Anders als bei den Verbrauchszähler an Heizungsanlagen funken die Funkwasseruhren ständig. Hierdurch ergibt sich eine Gesundheitsgefährdung für die Bewohner von Haus und Wohnungen.

 

Da Wasserwerke nicht im Wettbewerb stehen, gilt für die kommunalen Wasserwerke das HDSG (Hessisches Daten Schutz Gesetz) ohne Einschränkungen. Insbesondere muss der § 36 HDSG beachtet werden.

 

§36 HDSG

 

Wer eine Datenverarbeitungs- oder Übertragungseinrichtung zu dem Zweck nutzt, bei einem Betroffenen, insbesondere in der Wohnung oder in den Geschäftsräumen, ferngesteuert Messungen vorzunehmen oder andere Wirkungen auszulösen, bedarf dessen Einwilligung.

 

Die FREIEN WÄHLER Hohenstein e.V. sind weder gegen Digitalisierung noch gegen Modernisierung aber unter Berücksichtigung der Kosten-/Nutzenrechnung und selbstverständlich unter Wahrung der gesetzlichen Vorgaben. Beides wurde in der Beschlussvorlage zum Thema Funkwasseruhren nicht genügend berücksichtigt. Unsere Fragen liegen der Gemeinde Hohenstein schriftlich vor, Herr Bürgermeister Bauer sicherte uns in der Sitzung eine kurzfristige Antwort zu.

 

Gerne würden wir mit Ihnen das Thema auf unserem nächsten Dämmerschoppe am Freitag, dem 6.7.2018 in der Gaststätte „zum Taunus“ in Steckenroth ab 20:00 Uhr diskutieren.

 


 

+++  Stellungnahme der Freien Wähler Hohenstein zum Thema Betreuungsgeld +++

 

 

 

Die Freien Wähler Hohenstein haben sich nach intensiven Beratungen dazu entschieden, gegen den Antrag der CDU zum Betreuungsgeld zu stimmen. Durch den Ausbau der Hohensteiner Kindergärten, sowie weitere bevorstehende bauliche Maßnahmen, u.a. im Bereich Wasser und Abwasser in den nächsten Jahren stehen der Gemeinde erhebliche Ausgaben bevor. Mit Einführung eines Betreuungszuschusses für Familien, welche Ihre Kinder zu Hause betreuen, würden weitere nicht genau quantifizierbare Mehrkosten entstehen, die durchaus bis in den sechsstelligen Bereich gehen könnten. Völlig unklar ist auch, ob diese jährlich wiederkehrenden Kosten von der Gemeinde dauerhaft gestemmt werden können.
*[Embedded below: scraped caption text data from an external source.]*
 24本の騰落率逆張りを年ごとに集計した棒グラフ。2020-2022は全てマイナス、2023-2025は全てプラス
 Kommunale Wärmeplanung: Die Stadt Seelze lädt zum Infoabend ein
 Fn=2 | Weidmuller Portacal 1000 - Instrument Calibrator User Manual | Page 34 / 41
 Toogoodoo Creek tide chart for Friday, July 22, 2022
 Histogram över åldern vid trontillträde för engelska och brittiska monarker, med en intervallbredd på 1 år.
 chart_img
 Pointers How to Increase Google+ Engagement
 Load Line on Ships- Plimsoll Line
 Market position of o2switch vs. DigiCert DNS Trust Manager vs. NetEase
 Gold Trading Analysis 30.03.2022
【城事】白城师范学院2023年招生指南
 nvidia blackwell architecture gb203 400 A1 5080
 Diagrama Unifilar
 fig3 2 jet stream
Weiterhin ist es aus Sicht der Freien Wähler schwierig, eine Abgrenzung des begünstigten Personenkreises vorzunehmen. So stellt sich die Frage nach dem Anspruch auf das Betreuungsgeld z.B. für Kinder aus Hohenstein, welche in Kindergärten der Nachbargemeinden betreut werden, Fremdbetreuung durch z.B. Tagesmütter oder Kinder aus Familien, in den die Kosten nach SGB übernommen werden.

Eine Entlastung bei den Kosten für unsere Kindertagesstätten kann mit dem Betreuungsgeld nicht erzielt werden, da es einen Rechtsanspruch auf Betreuung gibt und die Plätze daher ohnehin vorgehalten werden müssen. All diese Aspekte widersprechen dem Prinzip der soliden Haushaltsführung, für das die FWG einsteht. Somit werden wir der von der CDU geplanten Einführung des Betreuungsgeldes nicht zustimmen


Kindergärten:

 

 Variante 1 Umbau und Erweiterung  der vorhandenen dezentralen Kindergärten

  

Variante 2 Ein zentraler Neubau in Steckenroth

 

Die FWG unterstützt die Variante 1 und bieten somit in allen Ortsteilen wieder eine Kindertagesstätte.


Baulandrichtlinie

 

Baulandrichtlinie von der FWG initiiert. Grundstückskommission entscheidet ohne vorherige Bewertung der Unterlagen durch Bauverwaltung.

Künftig wird die Bewerbungsunterlage wesentlich informativer gestaltet, so dass die Kommission anhand der vorliegenden Informationen individuell abwägt, wie die Vergabe bei Mehrfachwünschen nach einem individuellen Bauplatz erfolgt.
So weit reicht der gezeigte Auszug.